→ Description of the task
If an entry holds a picture, drop the picture but restate the entry word for word.

→ Task input
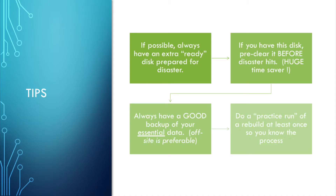So just a few tips before we get started. First, if possible, always have an extra ready disk prepared for disaster — have another drive laying around, preferably as big as the largest drive in your array, so you don't have to go running to the store or wait two days for mail order delivery. If you do have that disk, you should probably go ahead and run a pre-clear on it. Even if you're not going to leave it in a server, run a pre-clear, get that out of the way, put it aside in case you ever need it. That'll save you multiple hours in the event of a drive failure. And then lastly, always have a good backup for your essential data.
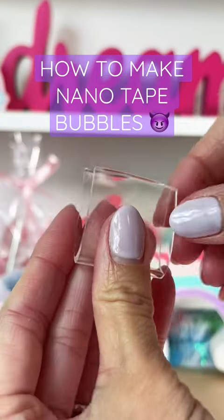How to make a Nanotape Bubble Squishy Emoji Edition. Cut off two inches of nanotape and fold the bottom and the side.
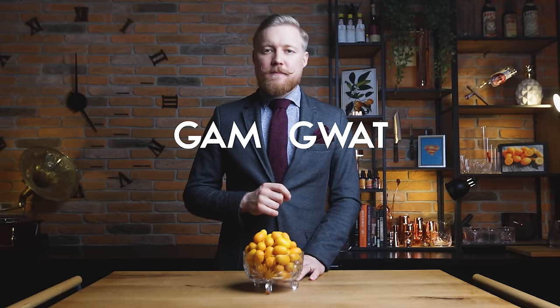People first grew kumquat trees in China in the 1700s, according to WebMD. The name kumquat combines the Chinese word "gam," meaning gold, and "guat," another word for tangerines — so gold tangerines. The tree was brought to Europe and the United States in the 1800s. It grows best in the warmer areas but can stand up to the cold reasonably well.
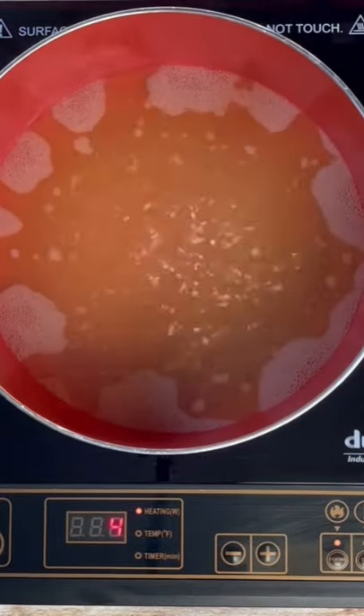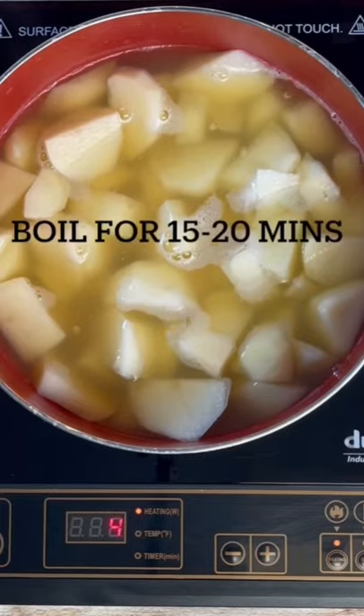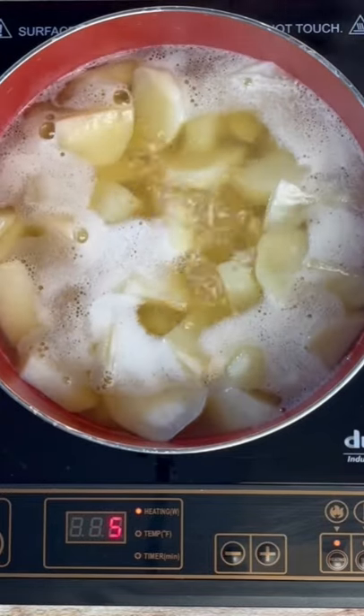In a pot, go ahead and bring your chicken broth to a boil and then add those potatoes. We're gonna cook this for about 20 minutes, stirring occasionally.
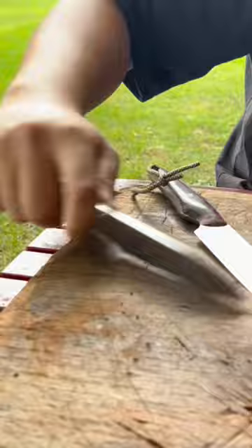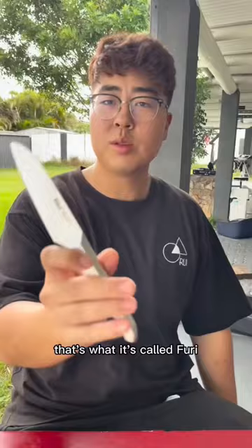Well, test the edge direction since it's somewhat Japanese stainless steel. Very furry — that's what it's called, furry.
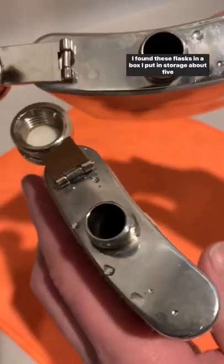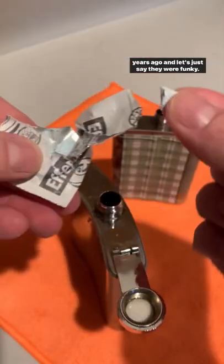I found these flasks in a box I put in storage about five years ago, and let's just say they were funky.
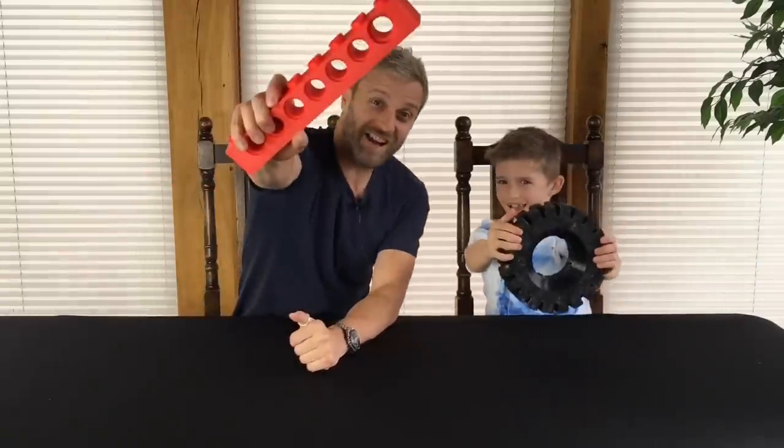Hello and welcome to this installment of Mantis Hacks. My name is Matt Denton. This is my nephew Reuben and it's a pretty miserable day outside so we thought we'd build some Lego together. But what's better than building Lego? Giant Lego!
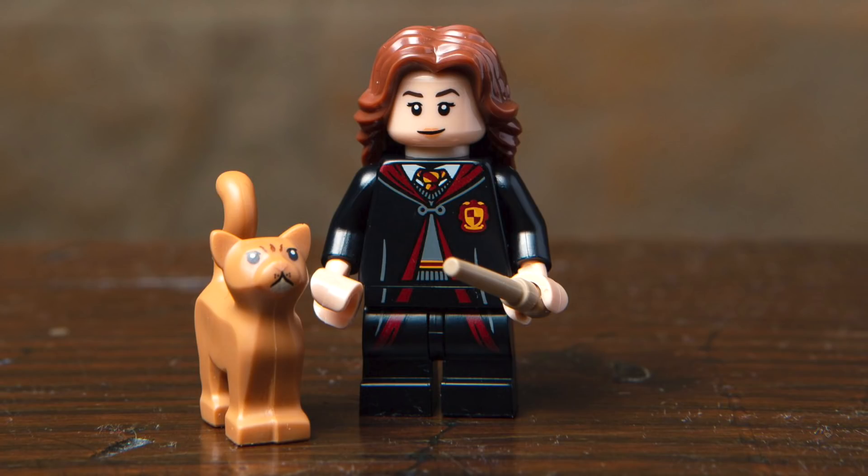Next up, we've got Hermione Granger also in her Gryffindor school robes, but the print is quite different and really nice. She features an existing hairpiece in brown, a wand, as well as her cat Crookshanks. And just like quite a few characters in this line, she has those medium legs.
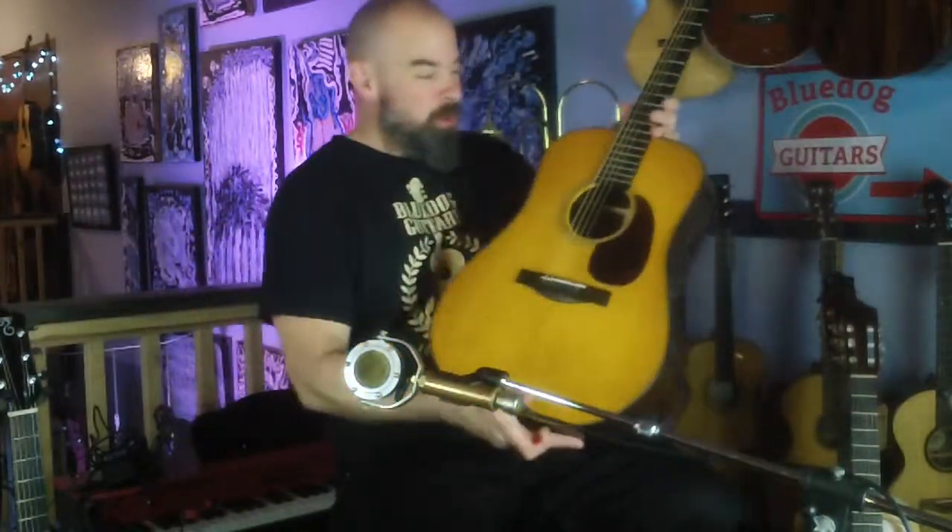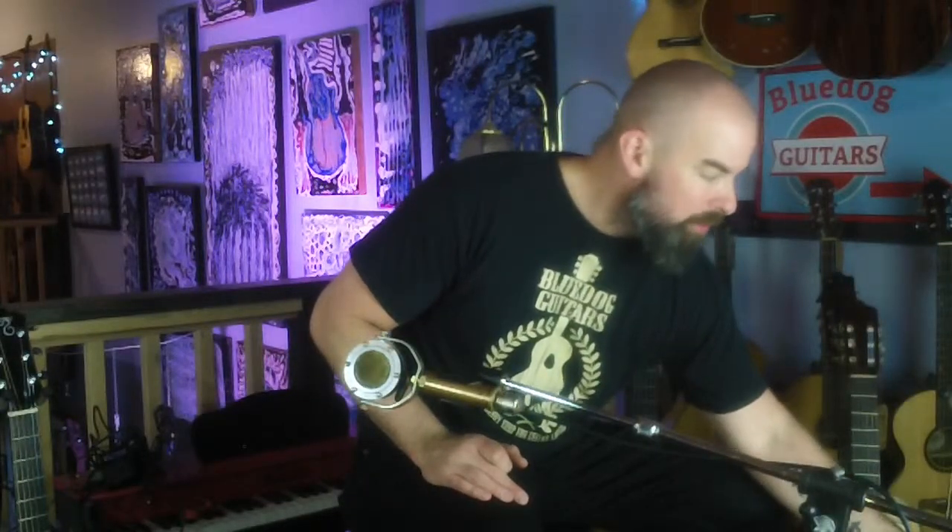Hi, it's Chris App, Blue Dog Guitars again with some Santa Cruz demonstrations. This is a pre-war Dreadnought, and I'll be switching over to an F model. They both have the Butter Toast Sunburst finish.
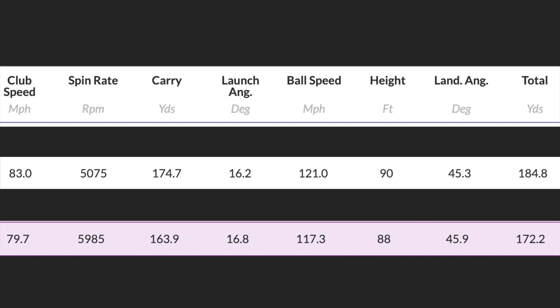Then the new version: 83 mph club head speed — I'm assuming a slightly longer shaft on the new product accounts for the slightly quicker club head speed. Spin of 5,075 — we lost some spin relative to the stronger loft. 174 yards carry, 16.2 launch angle, 121 mph ball speed. So even though it's 3 degrees stronger, it's still launching at 16.2 and that's 10 yards of extra carry. In terms of breaking down the formula — crazy distance? Not really. They're stronger lofted and therefore they've gone further, which is relative. Comparing old to new at the same loft level, the performance is essentially the same. There's no great difference.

→ Exercise answer
So just a few tips before we get started. First, if possible, always have an extra ready disk prepared for disaster — have another drive laying around, preferably as big as the largest drive in your array, so you don't have to go running to the store or wait two days for mail order delivery. If you do have that disk, you should probably go ahead and run a pre-clear on it. Even if you're not going to leave it in a server, run a pre-clear, get that out of the way, put it aside in case you ever need it. That'll save you multiple hours in the event of a drive failure. And then lastly, always have a good backup for your essential data.
How to make a Nanotape Bubble Squishy Emoji Edition. Cut off two inches of nanotape and fold the bottom and the side.
People first grew kumquat trees in China in the 1700s, according to WebMD. The name kumquat combines the Chinese word "gam," meaning gold, and "guat," another word for tangerines — so gold tangerines. The tree was brought to Europe and the United States in the 1800s. It grows best in the warmer areas but can stand up to the cold reasonably well.
In a pot, go ahead and bring your chicken broth to a boil and then add those potatoes. We're gonna cook this for about 20 minutes, stirring occasionally.
Well, test the edge direction since it's somewhat Japanese stainless steel. Very furry — that's what it's called, furry.
I found these flasks in a box I put in storage about five years ago, and let's just say they were funky.
Hello and welcome to this installment of Mantis Hacks. My name is Matt Denton. This is my nephew Reuben and it's a pretty miserable day outside so we thought we'd build some Lego together. But what's better than building Lego? Giant Lego!
Next up, we've got Hermione Granger also in her Gryffindor school robes, but the print is quite different and really nice. She features an existing hairpiece in brown, a wand, as well as her cat Crookshanks. And just like quite a few characters in this line, she has those medium legs.
Hi, it's Chris App, Blue Dog Guitars again with some Santa Cruz demonstrations. This is a pre-war Dreadnought, and I'll be switching over to an F model. They both have the Butter Toast Sunburst finish.
Then the new version: 83 mph club head speed — I'm assuming a slightly longer shaft on the new product accounts for the slightly quicker club head speed. Spin of 5,075 — we lost some spin relative to the stronger loft. 174 yards carry, 16.2 launch angle, 121 mph ball speed. So even though it's 3 degrees stronger, it's still launching at 16.2 and that's 10 yards of extra carry. In terms of breaking down the formula — crazy distance? Not really. They're stronger lofted and therefore they've gone further, which is relative. Comparing old to new at the same loft level, the performance is essentially the same. There's no great difference.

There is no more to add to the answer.